|Long title||A Bill to prevent the censorship of potentially obscene material by the Federal Government|
|Enacted by||the 96th United States Congress|
The Anti-Censorship Bill of 1979 is a bill proposed by Republican Senator David Wilson of Ohio. The bill emphasizes that the government may not make any law that censors televised entertainment based on arbitrary moral standards.
In order to allow people to make their own decision on this matter, all control will be ceded to the head of the household, who will personally decide which content they feel is appropriate for viewing and which content is inappropriate.
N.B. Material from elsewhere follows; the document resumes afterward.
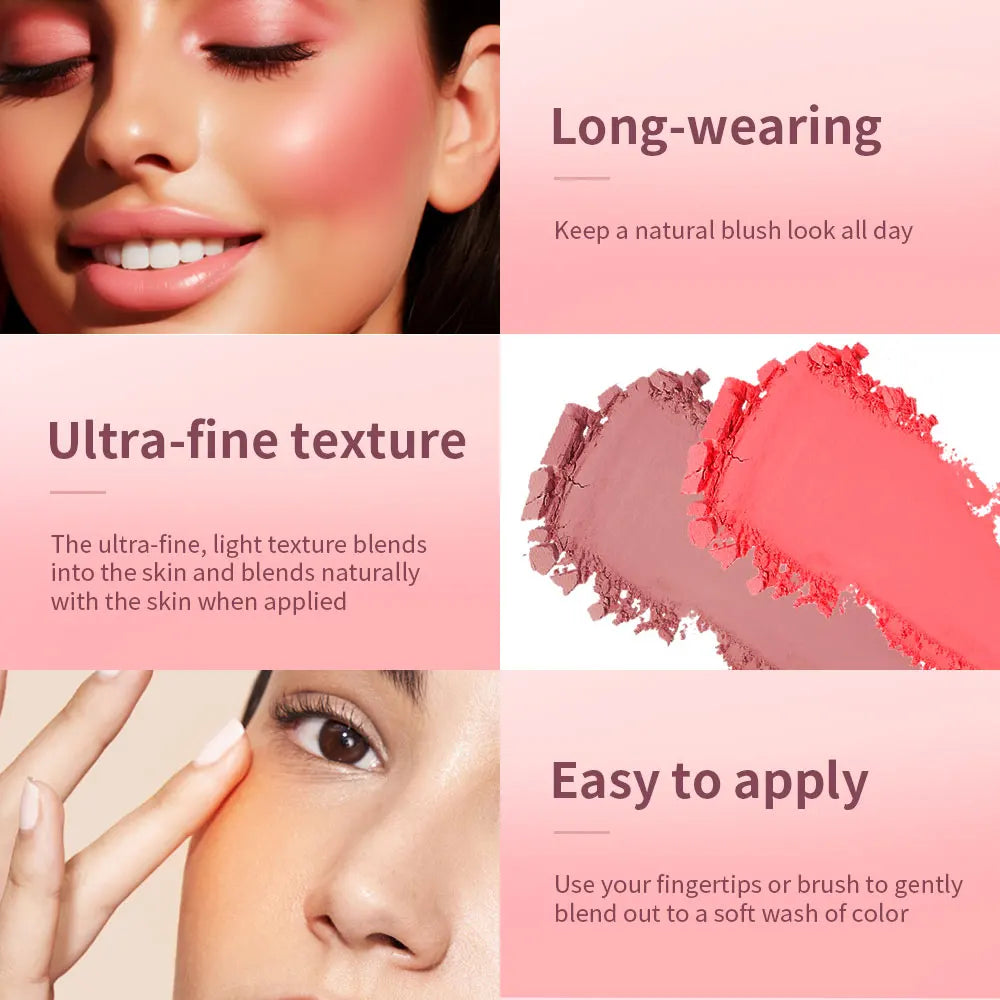 Rosette Aura Blush Palette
This will allow households to view the program in the fashion they please, without it affecting the program nationwide.
IN THE SENATE OF THE UNITED STATES OF AMERICA
Senator Wilson introduced, for himself, introduced the following bill:
To prevent the censorship of potentially obscene material by the Federal Government
Section 1. This act shall hereafter be referred to as the Anti-Censorship Bill of 1979.
Section 2. From this day forth, the following provisions shall be met:
- The Federal Communications Commission (FCC) shall not make any decision to censor potentially "obscene" material on the grounds of "Shielding children from potentially offensive material."
- No governmental organization shall contain the power to commit similar actions.
- The decision to censor potentially "obscene" material will be left up to individual households. Personal responsibility will be ceded to the head of the households, and they will be expected to make individual decisions on the matter.
- The head of the household will be defined as the guardian of the household. This includes parents, grandparents, relatives, etc.
Section 3. Should any government official attempt to make any decision to censor potentially "obscene" material on the grounds of "Shielding children from potentially offensive material", they will be subjected to a fine of no more then $15,000.